### TO DO:
Repeat the data exactly as given below, dropping every picture.

### MATERIAL SHOWN:
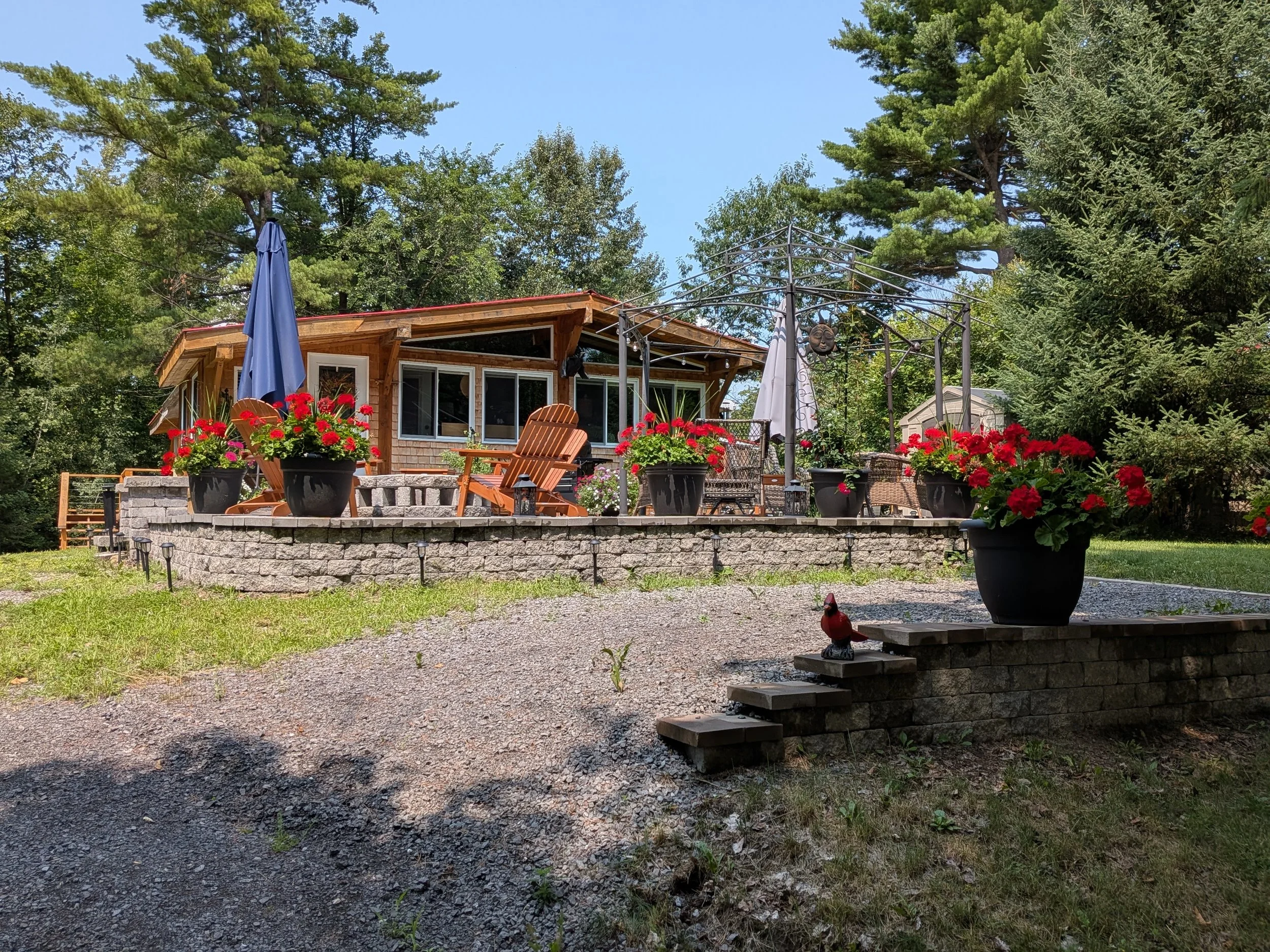 A backyard patio area with potted red flowers, wooden chairs, a stone wall, an umbrella, and a small decorative sun face, surrounded by tall trees and a clear blue sky.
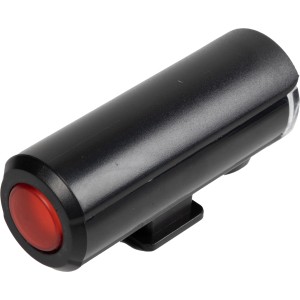 Campanello per bici nero con pulsante rosso per accessori manubrio.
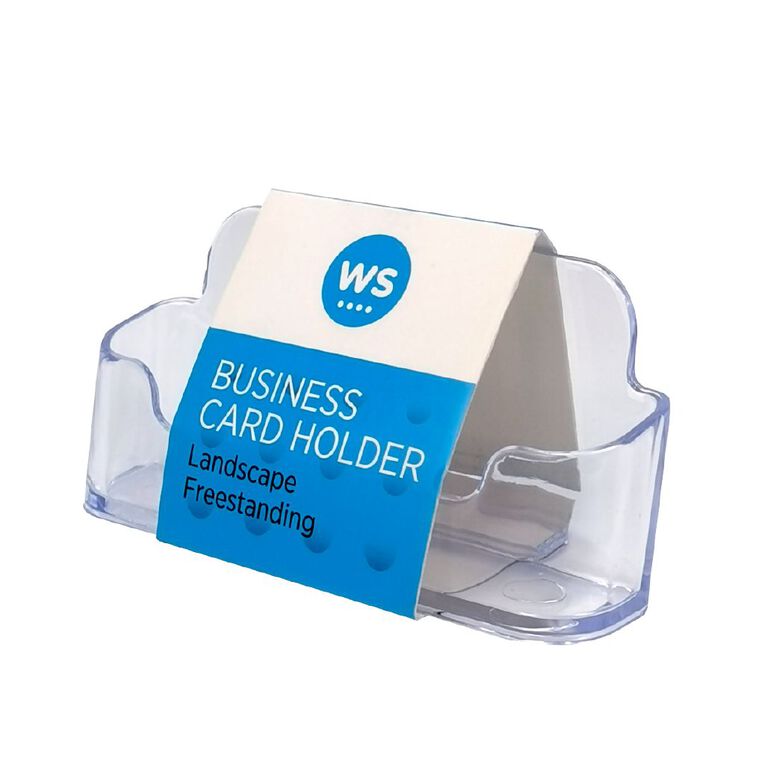 WS Business Card Holder Free Standing Landscape Single Clear, , hi-res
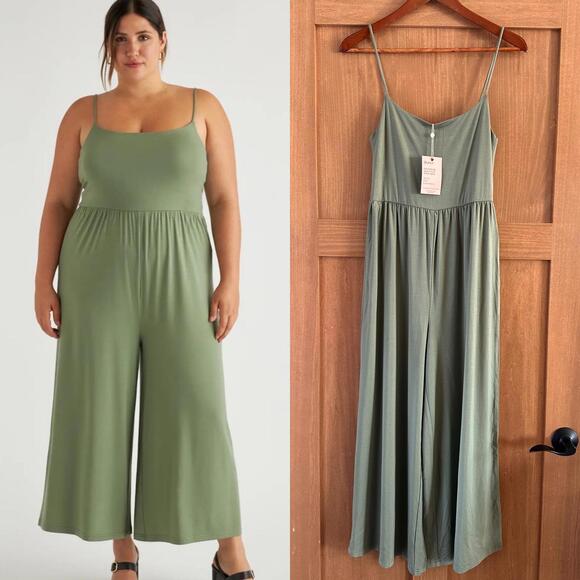 Quince Pants - NWT Quince Tencel Jersey Wide Leg Jumpsuit Cropped Sage Green Women’s Medium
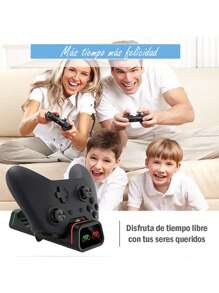 Base Cargador Doble De Controles Con 2 Baterías y 4 Tapas Para Consola One/Series X|S - Negro - Ver 6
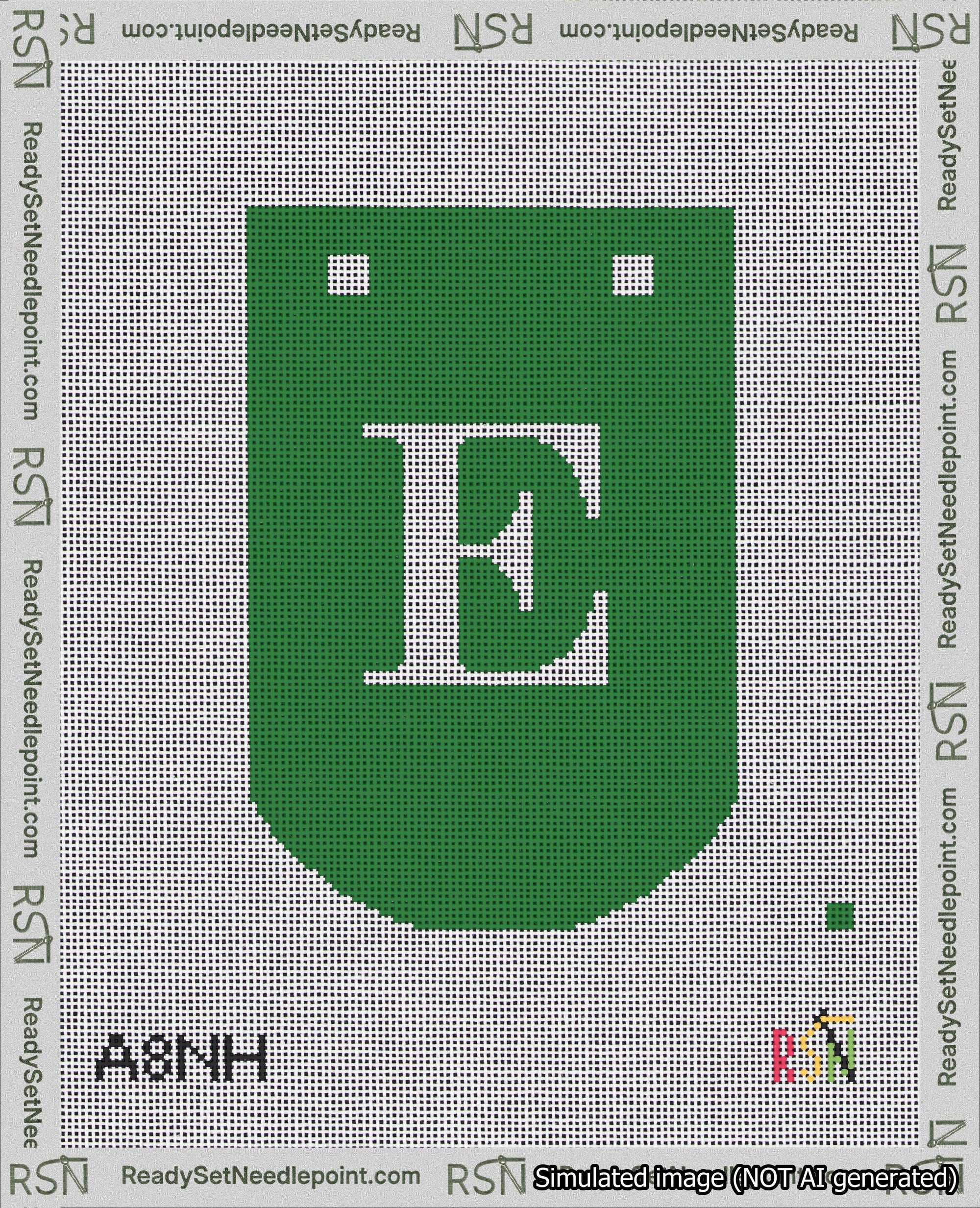 A taped needlepoint canvas with the design: Banner 18 mesh count Curved E White on Green.
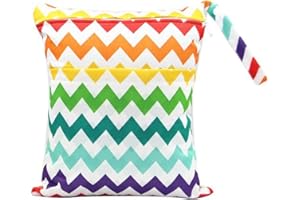 HOMEYUSER Wet Dry Bag Baby Nappy Organizer Bag Baby Diaper Bag Waterproof Zipper Bag Washable Reusable Baby Cloth Wet Bag (Color 4, L)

### RESPONSE BELOW:
 A backyard patio area with potted red flowers, wooden chairs, a stone wall, an umbrella, and a small decorative sun face, surrounded by tall trees and a clear blue sky.
 Campanello per bici nero con pulsante rosso per accessori manubrio.
 WS Business Card Holder Free Standing Landscape Single Clear, , hi-res
 Quince Pants - NWT Quince Tencel Jersey Wide Leg Jumpsuit Cropped Sage Green Women’s Medium
 Base Cargador Doble De Controles Con 2 Baterías y 4 Tapas Para Consola One/Series X|S - Negro - Ver 6
 A taped needlepoint canvas with the design: Banner 18 mesh count Curved E White on Green.
 HOMEYUSER Wet Dry Bag Baby Nappy Organizer Bag Baby Diaper Bag Waterproof Zipper Bag Washable Reusable Baby Cloth Wet Bag (Color 4, L)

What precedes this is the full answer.